### Records for this exercise:
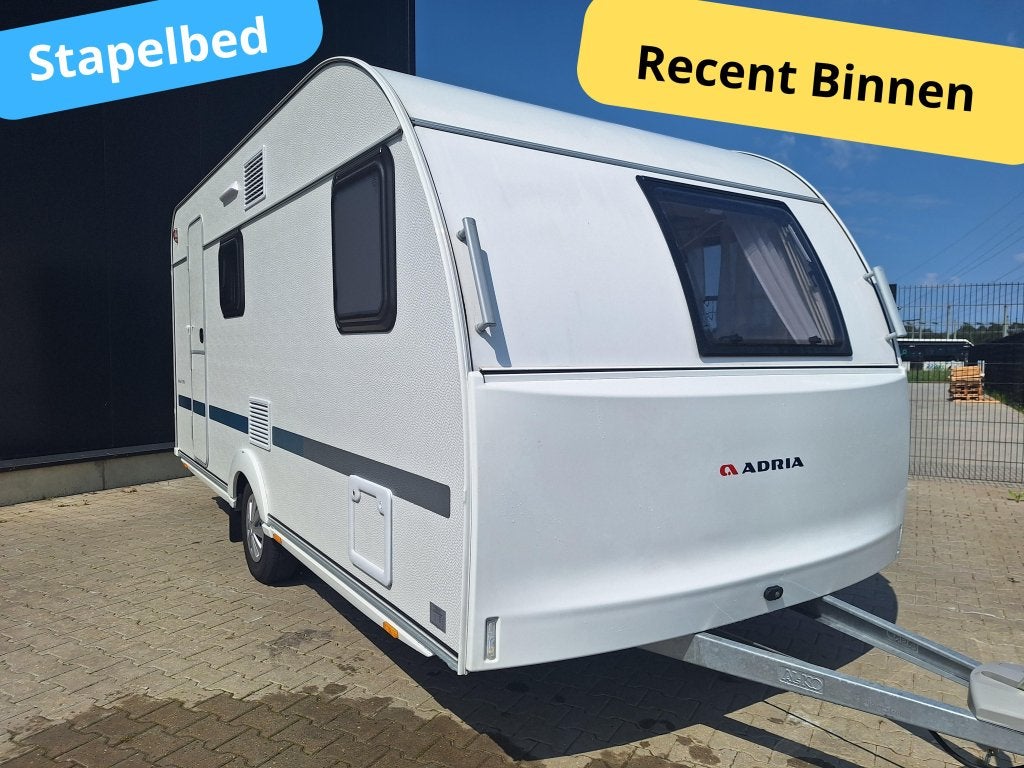 Adria Aviva 472 PK Stapelbed 2025 Mover + Voortent, Caravans en Kamperen, Caravans, Overige typen, Particulier, Adria, 5 tot 6 meter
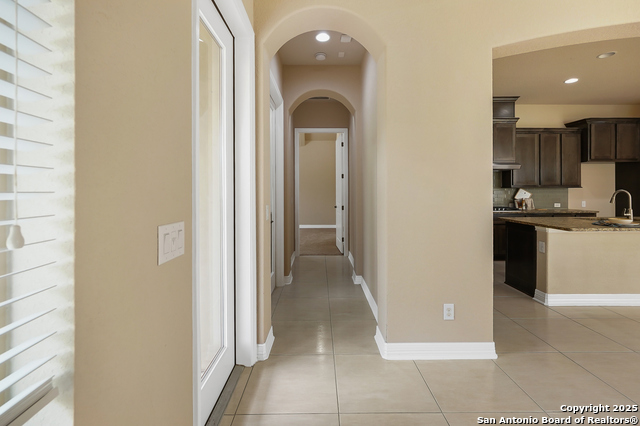 San Antonio, Texas, 78261, United States, 3 Bedrooms Bedrooms, ,4 BathroomsBathrooms,Residential,For Sale,1794798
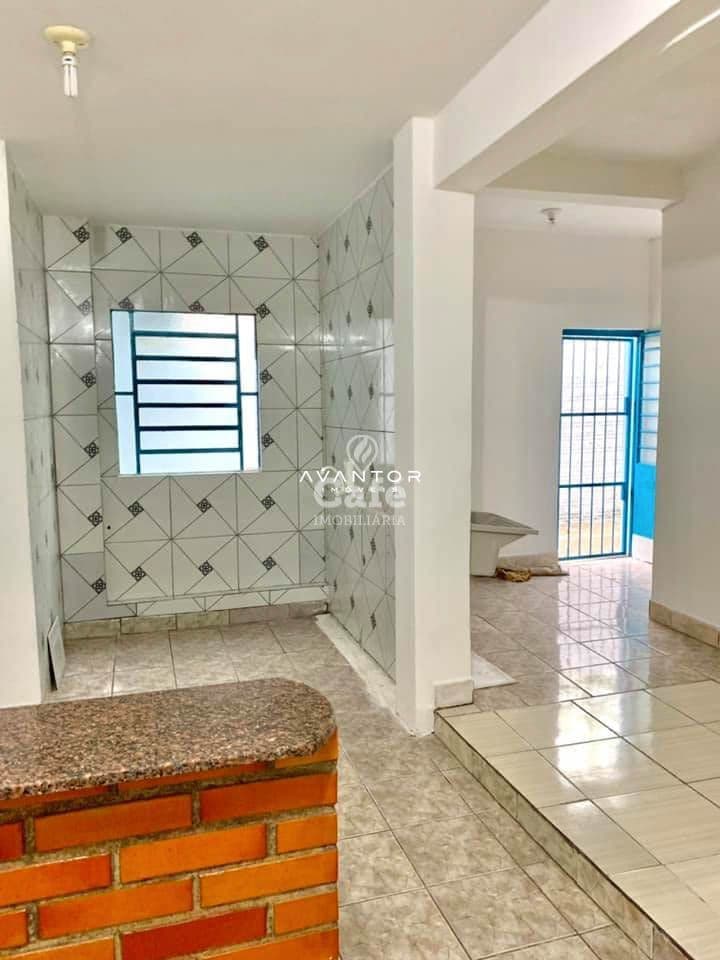 Excelente casa para compra — Casa com 2 quartos à venda em Chácara das Flores, Santa Maria/RS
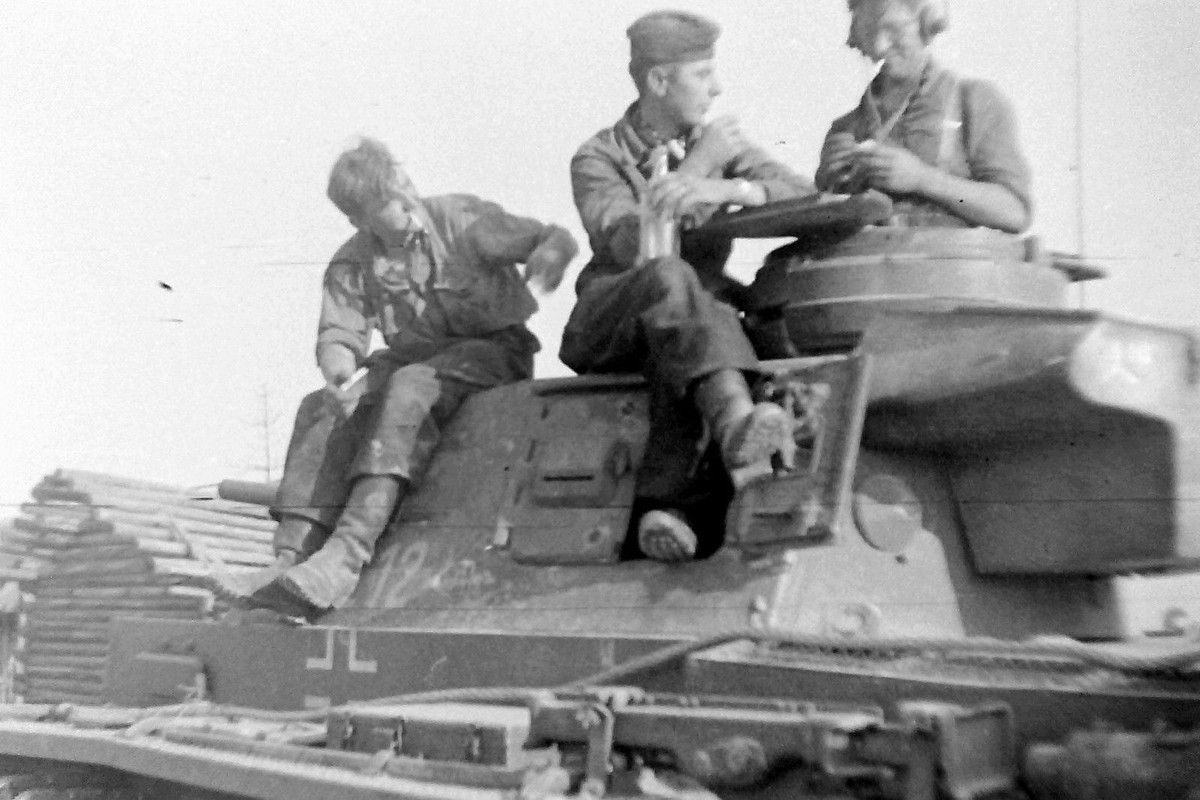 Panzer, Tanks, Panzerangehörige, Kriegseinsatz_P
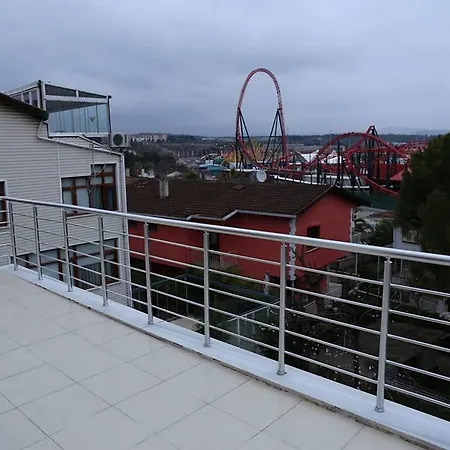 Tuzla Hilal Стамбул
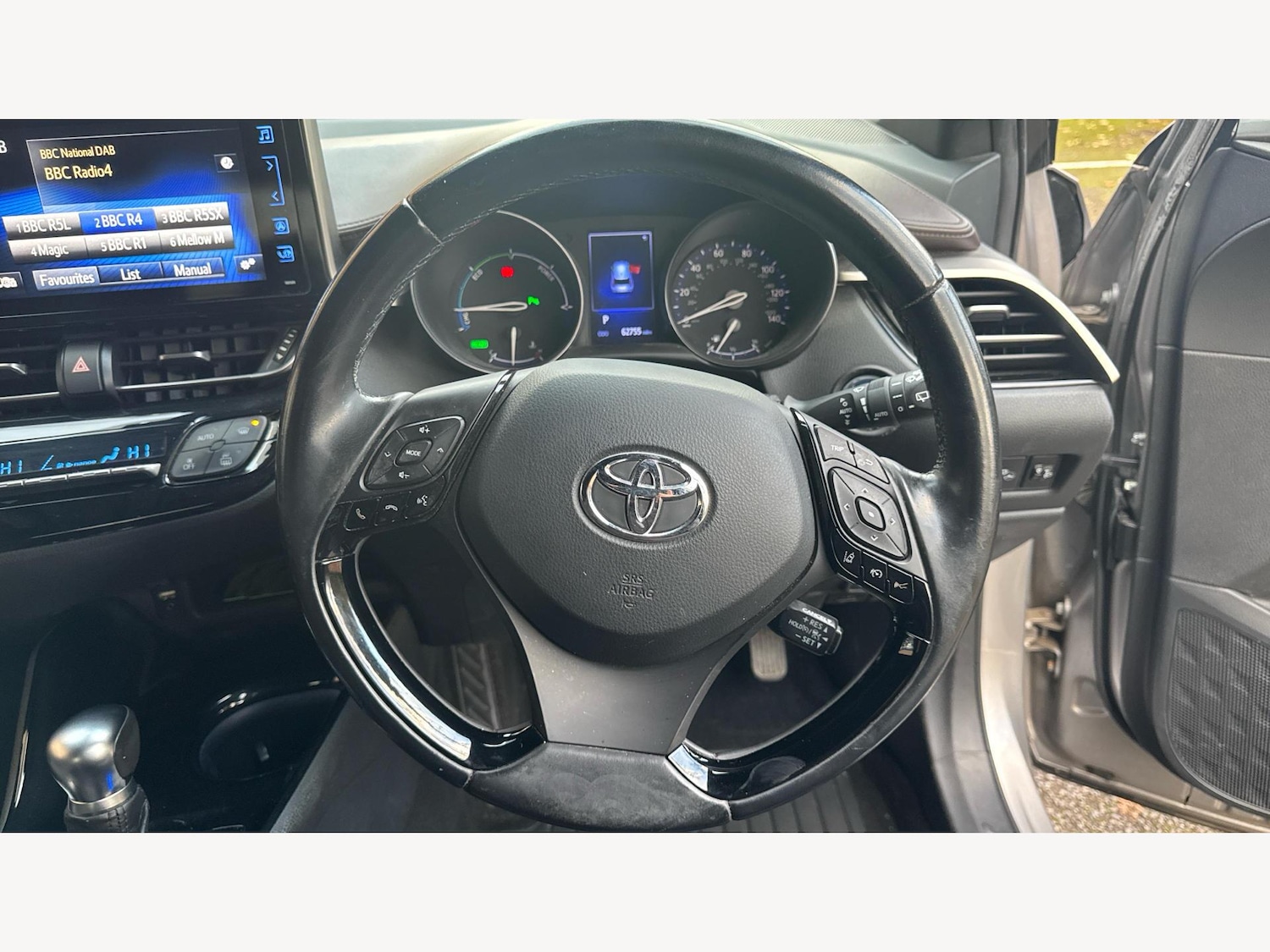 Used Toyota C-HR 2017 for sale - 76657542: Photo 10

### Task goal:
Restate word for word the lines starting at the one that contains "Tuzla Hilal Стамбул" and ending at the last line of the data. Skip every picture.

### The completed task:
 Tuzla Hilal Стамбул
 Used Toyota C-HR 2017 for sale - 76657542: Photo 10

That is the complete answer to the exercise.